Im Dezember 2003 gab es ein Erdbeben der Stärke 6,5 auf der Richterskala in Kalifornien Foto: EPA

Fast 13 Millionen Menschen leben im von Erdbeben geplagten Großraum Los Angeles. Während die Menschen sich auf ein Beben vorbereiten, sind die Atomkraftwerke alles andere als bereit.

Fast 13 Millionen Menschen leben im von Erdbeben geplagten Großraum Los Angeles. Während die Menschen sich auf ein Beben vorbereiten, sind die Atomkraftwerke alles andere als bereit.

Los Angeles - Erst traf es Süd-Kalifornien, dann die Millionenmetropole Los Angeles: Als Ende März die Erde an der amerikanischen Westküste bebte, blieben die Schäden zwar gering. Trotzdem hat das Naturereignis die Bevölkerung nachdenklich gestimmt. Zum einen, weil ein viel stärkeres Beben laut Geologen lange überfällig ist. Zum anderen, weil mehrere Atomkraftwerksbetreiber nicht nachweisen können, dass ihre Reaktoren im Ernstfall sicher wären. Eigentlich hätten alle AKW-Betreiber bis Ende März der amerikanischen Atomaufsichtsbehörde einen Bericht übergeben sollen, in dem sie die Sicherheit ihrer Kraftwerke im Falle eines starken Erdbebens nachweisen. Von mindestens zwei Dutzend Anlagen liegt allerdings bis heute kein Bericht vor. Die Auflage war nach der Katastrophe im japanischen Fukushima vor drei Jahren erlassen worden.

Tektonische Platten

Die Betreiber, die diesen Nachweis bis zum Ende der Frist nicht erbringen konnten, müssen nun Millionen investieren – allerdings nicht unmittelbar in Verbesserungen. Zunächst sollen sie ein Gutachten erstellen und bauliche Veränderungen vorschlagen. Den demokratischen Senator Edward Markey bringt das zögerliche Verhalten der Aufsichtsbehörde auf die Palme. „Was wir brauchen, sind Taten, um gefährdete Reaktoren zu sichern, nicht einfach nur mehr Berichte“, sagte er im Gespräch mit der „New York Times“.

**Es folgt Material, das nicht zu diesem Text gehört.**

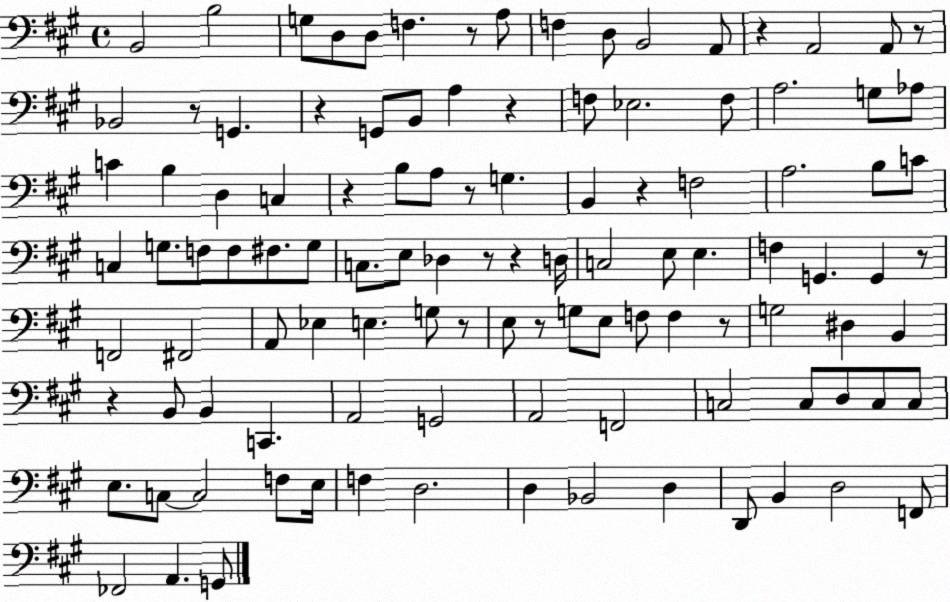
X:1
T:Untitled
M:4/4
L:1/4
K:A
B,,2 B,2 G,/2 D,/2 D,/2 F, z/2 A,/2 F, D,/2 B,,2 A,,/2 z A,,2 A,,/2 z/2 _B,,2 z/2 G,, z G,,/2 B,,/2 A, z F,/2 _E,2 F,/2 A,2 G,/2 _A,/2 C B, D, C, z B,/2 A,/2 z/2 G, B,, z F,2 A,2 B,/2 C/2 C, G,/2 F,/2 F,/2 ^F,/2 G,/2 C,/2 E,/2 _D, z/2 z D,/4 C,2 E,/2 E, F, G,, G,, z/2 F,,2 ^F,,2 A,,/2 _E, E, G,/2 z/2 E,/2 z/2 G,/2 E,/2 F,/2 F, z/2 G,2 ^D, B,, z B,,/2 B,, C,, A,,2 G,,2 A,,2 F,,2 C,2 C,/2 D,/2 C,/2 C,/2 E,/2 C,/2 C,2 F,/2 E,/4 F, D,2 D, _B,,2 D, D,,/2 B,, D,2 F,,/2 _F,,2 A,, G,,/2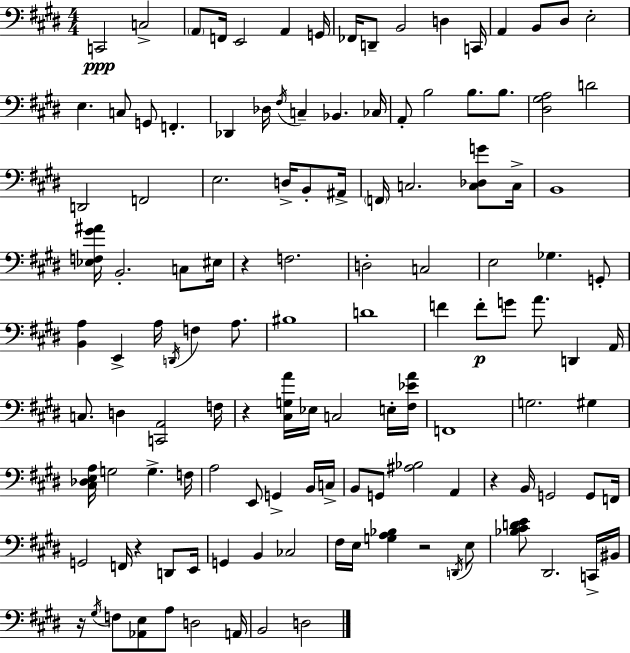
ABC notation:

X:1
T:Untitled
M:4/4
L:1/4
K:E
C,,2 C,2 A,,/2 F,,/4 E,,2 A,, G,,/4 _F,,/4 D,,/2 B,,2 D, C,,/4 A,, B,,/2 ^D,/2 E,2 E, C,/2 G,,/2 F,, _D,, _D,/4 ^F,/4 C, _B,, _C,/4 A,,/2 B,2 B,/2 B,/2 [^D,^G,A,]2 D2 D,,2 F,,2 E,2 D,/4 B,,/2 ^A,,/4 F,,/4 C,2 [C,_D,G]/2 C,/4 B,,4 [_E,F,^G^A]/4 B,,2 C,/2 ^E,/4 z F,2 D,2 C,2 E,2 _G, G,,/2 [B,,A,] E,, A,/4 D,,/4 F, A,/2 ^B,4 D4 F F/2 G/2 A/2 D,, A,,/4 C,/2 D, [C,,A,,]2 F,/4 z [^C,G,A]/4 _E,/4 C,2 E,/4 [^F,_EA]/4 F,,4 G,2 ^G, [^C,_D,E,A,]/4 G,2 G, F,/4 A,2 E,,/2 G,, B,,/4 C,/4 B,,/2 G,,/2 [^A,_B,]2 A,, z B,,/4 G,,2 G,,/2 F,,/4 G,,2 F,,/4 z D,,/2 E,,/4 G,, B,, _C,2 ^F,/4 E,/4 [G,A,_B,] z2 D,,/4 E,/2 [_B,^CDE]/2 ^D,,2 C,,/4 ^B,,/4 z/4 ^G,/4 F,/2 [_A,,E,]/2 A,/2 D,2 A,,/4 B,,2 D,2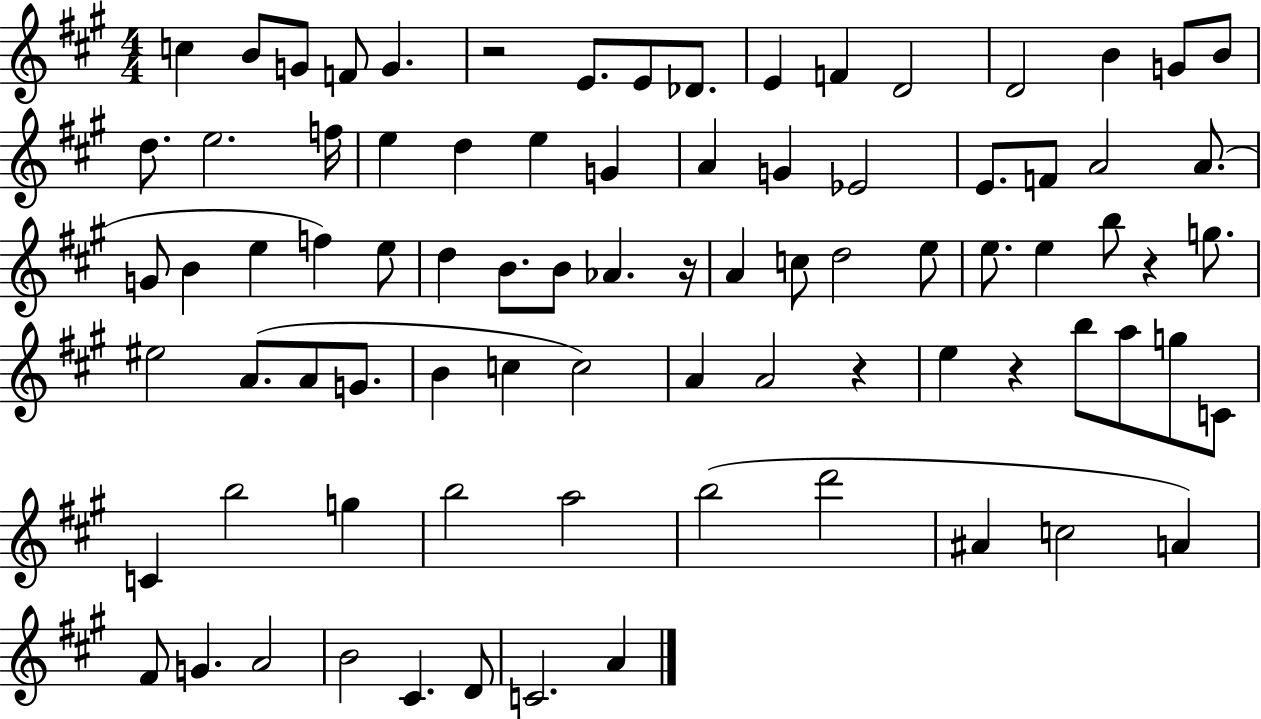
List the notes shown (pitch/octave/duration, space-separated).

C5/q B4/e G4/e F4/e G4/q. R/h E4/e. E4/e Db4/e. E4/q F4/q D4/h D4/h B4/q G4/e B4/e D5/e. E5/h. F5/s E5/q D5/q E5/q G4/q A4/q G4/q Eb4/h E4/e. F4/e A4/h A4/e. G4/e B4/q E5/q F5/q E5/e D5/q B4/e. B4/e Ab4/q. R/s A4/q C5/e D5/h E5/e E5/e. E5/q B5/e R/q G5/e. EIS5/h A4/e. A4/e G4/e. B4/q C5/q C5/h A4/q A4/h R/q E5/q R/q B5/e A5/e G5/e C4/e C4/q B5/h G5/q B5/h A5/h B5/h D6/h A#4/q C5/h A4/q F#4/e G4/q. A4/h B4/h C#4/q. D4/e C4/h. A4/q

Seit Fukushima ist die Gefahr wieder im Alltag präsent

Vor allem an der erdbebengefährdeten Westküste stößt der Politiker damit auf offene Ohren. „Unsere größte Herausforderung besteht darin, das Thema wachzuhalten“, sagt Richard McCarthy, Leiter der Kommission für Seismische Sicherheit in Kalifornien. Die Kommission untersucht, ob Gebäude einsturzgefährdet sind, und versucht die Einwohner im wahrsten Sinne des Wortes wachzurütteln. Lange Zeit war die Mühe vergeblich – wegen knapper Staatskassen und einer eher desinteressierten Bevölkerung.

Spätestens seit Fukushima ist die Gefahr aber wieder im Alltag präsent. So hat sich die Zahl der Menschen, die an der jährlichen Erdbebenübung teilnehmen, spürbar erhöht. Machten im Jahr 2010 gerade mal 7,9 Millionen Kalifornier mit, wurde im Jahr 2013 bereits die Zehn-Millionen-Marke geknackt. Ausbaufähig sind die Zahlen trotzdem noch: Im bevölkerungsreichsten US-Bundesstaat leben mehr als 38 Millionen Menschen.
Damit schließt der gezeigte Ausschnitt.